The first attack came toward the word "virgin" in the original language in Hebrew. The word could be used of any woman that was of childbearing age. We could argue that the Bible uses the word in the sense of a virgin, but setting that aside, the verse makes no sense if you translate it "young woman." How would it be a sign for a young woman to have a baby? That is not miraculous.

The second attack came from scholars saying Christians take the passage out of context. On closer examination we can see that Isaiah is speaking of two signs. One is that the house of David will continue, and the sign is that the Messiah will be born of a virgin. When addressing the house of David he uses the plural "you" in Hebrew. Isaiah also speaks of a sign to the king that his enemies will be destroyed. It is regarding Isaiah's son, Shear-Jashub, and the age of that son. In that case "you" is singular in Hebrew. In chapter eight verse 18 Isaiah declares plainly that it is his children who are the signs of what is coming, not Immanuel. He also calls the nation Immanuel's land (Isaiah 8:8).
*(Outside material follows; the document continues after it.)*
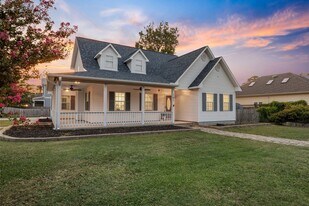 101 N 6th St in Carolina Beach, NC - Building Photo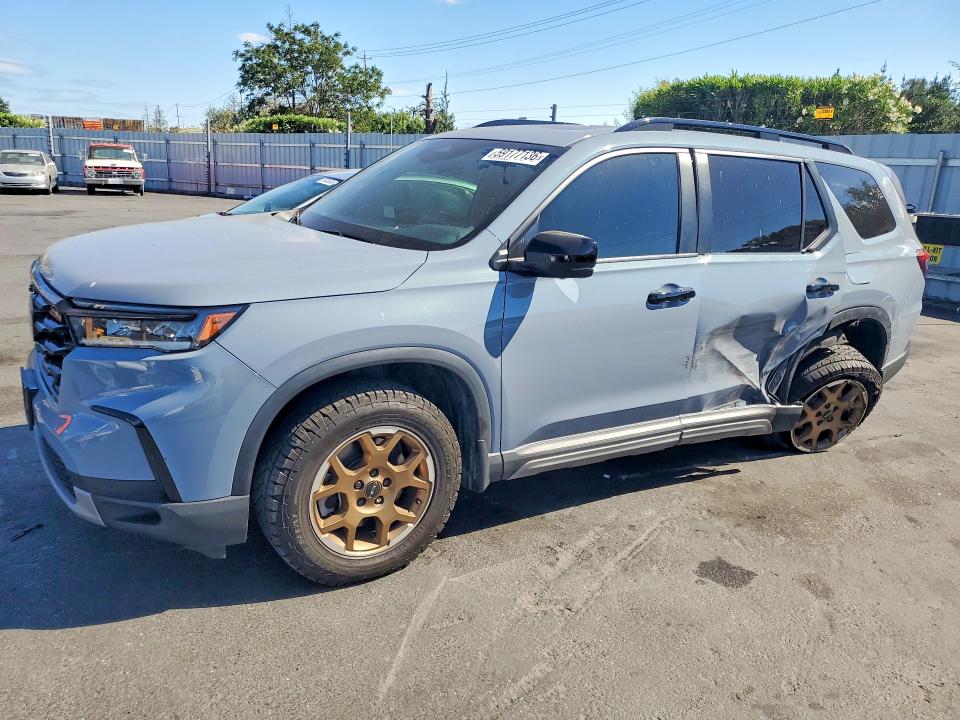 2024 Honda Pilot VIN 5FNYG1H61RB039479 — COPART salvage auction photo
Isaiah tells us the Messiah will be a son that is given to us; He will be called Mighty God (Isaiah 9:6). Those who say Matthew took this out of context actually are taking it out of context.

Remember: Matthew was correct and inspired when he quoted this verse. The Virgin Mary of the house of David bore Jesus, "God with us." The Word of God will always be attacked and misinterpreted by those who do not want to bow their knee to its author.